Nilsson blushes. “I don’t think I’m at as high a level,” she says. “We’re both highly visible in a lot of places. We’ve both had our successes. I don’t know how to respond to that.”
“There are a lot of artist couples who have comparable or noncompeting careers,” Nutt says.
I change tactics. “Why isn’t your hair gray?” I ask Nutt. After all, he is 72. His mustache is gray, but much of the hair on his head is still light brown. “My mustache used to be red, and my hair was never red,” he says.
“I think when you had a lot of facial hair, it was referred to as a ginger beard,” Nilsson says. “Your hair was not ginger.”
At an earlier meeting, Suellen Rocca tells me that the content of Nilsson and Nutt’s work is both sexual “and humorous. Sometimes, with Jim, darkly humorous,” and, with Gladys, playful. “For both, the work is very much about sexuality, and I think sometimes they are characters in their own work.”
So I press ahead.
“Why do you have so many large breasts and phalluses in your work?” I ask Nilsson. “That’s an easy way to differentiate between male and female,” she says. Nutt laughs so hard I think he might start sobbing. “Actually, she’s got some real flat-chested women in her work,” he says. “I was just looking at one the other night, and it was excruciatingly flat.” In Nilsson’s earlier work, they say, the figures were large and bulbous all over, not just in the areas of the usual protuberances.
“So what’s the deal with the noses?” I ask Nutt about his portraits of women. “They’ve got to be in the center of the face,” he says. “Otherwise, there are problems. There are limits to which you can move a nose around before people get upset.”
Young artists, Nutt says, are more adept at explaining their work; he and Nilsson would know because they both teach at the School of the Art Institute. Nutt says that, for the most part, his generation does not engage that way. When asked about his early work’s distorted and mutilated figures in an interview by the critic Russell Bowman for a 1978 issue of Arts Magazine, Nutt replied, “The specific meaning of the paintings I can’t really explain to myself or anyone else. It’s not very clear to me.”

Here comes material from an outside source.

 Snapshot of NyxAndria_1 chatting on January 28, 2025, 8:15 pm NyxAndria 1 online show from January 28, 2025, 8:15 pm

In 1994, when Bowman was the director of the Milwaukee Art Museum, he produced a retrospective of Nutt’s work. “I think at the time there was less widespread recognition of his later work than there is now,” says Bowman, since 2002 a Chicago-based art adviser. “I like to think that retrospective brought attention back to his work. It was well reviewed, and it traveled across the country, although I think the real reason that people took notice was because the work has continued to develop.”
Nutt’s portraits of women, Bowman says, “are a kind of classical phase of Jim Nutt, but they’re still quite strange images when you examine them carefully.”
So what’s with the noses? I ask Bowman.
“Just an area for play,” he says. “He’s playing with form. He’s using the nose as a jumping-off point.”
Like Rocca, Bowman brings up the sexual charge in Nilsson and Nutt’s work: “In a laughing way, I always say, ‘Is it really them, really the interaction between them?’ I don’t think it is that in any literal way, but certainly all those interactions on all those various levels have to be about their life experience. Gladys’s work is more obviously about the domestic world, her life or women’s lives. I think her work is more readable as personal, and Jim’s takes that same interaction to a more almost psychological plane.”
“I wonder if they’re secretly all portraits of Gladys,” the Evanston art and antiques dealer Harvey Pranian says of Nutt’s later work. Pranian has known Nilsson and Nutt for more than 30 years and was the source for their José Machado whirligigs and a number of other objects in their collection, including a delicately carved 19th-century folding chair by the Indiana artist Hosea Hayden.
Pranian recalls helping the couple negotiate a price with another dealer at an antiques show in Winnetka for mid-19th-century American portraits of a man and a woman. He believes Nutt has been highly influenced by 18th- and 19th-century folk portraits. “A lot of these have some sense of severity about them, and they’re all stylized,” Pranian says.
James Falconer, who returned to Chicago five years ago after spending 32 years in New York, most recently as a designer and builder of recording studios, zooms in on the differences in approach he sees between Nilsson and Nutt: “Jim is very analytical and precise; he can be very detail prone. Gladys is more open, emotional. It’s a broader approach to what’s there, whereas Jim is very specific.”
Why do you think they’ve been married so long? I ask Falconer. “Lack of imagination,” he says jokingly.
Lynne Warren, the Museum of Contemporary Art curator behind Nutt’s current show, is next in line to salute him. In her essay for the exhibition catalog, she writes: “[In] a time when the sheer multiplicity of visual expressions can make it seem there is nothing new under the sun, the experience of Nutt’s singularly distinctive work offers a respite during which one’s eyes can delight in the act of seeing.”
That should be true of the cake for Nilsson and Nutt’s 50th wedding anniversary, as well. It should be a towering white confection covered in carrots crafted from orange frosting—for the remembrance of an immediate attraction and a longtime love.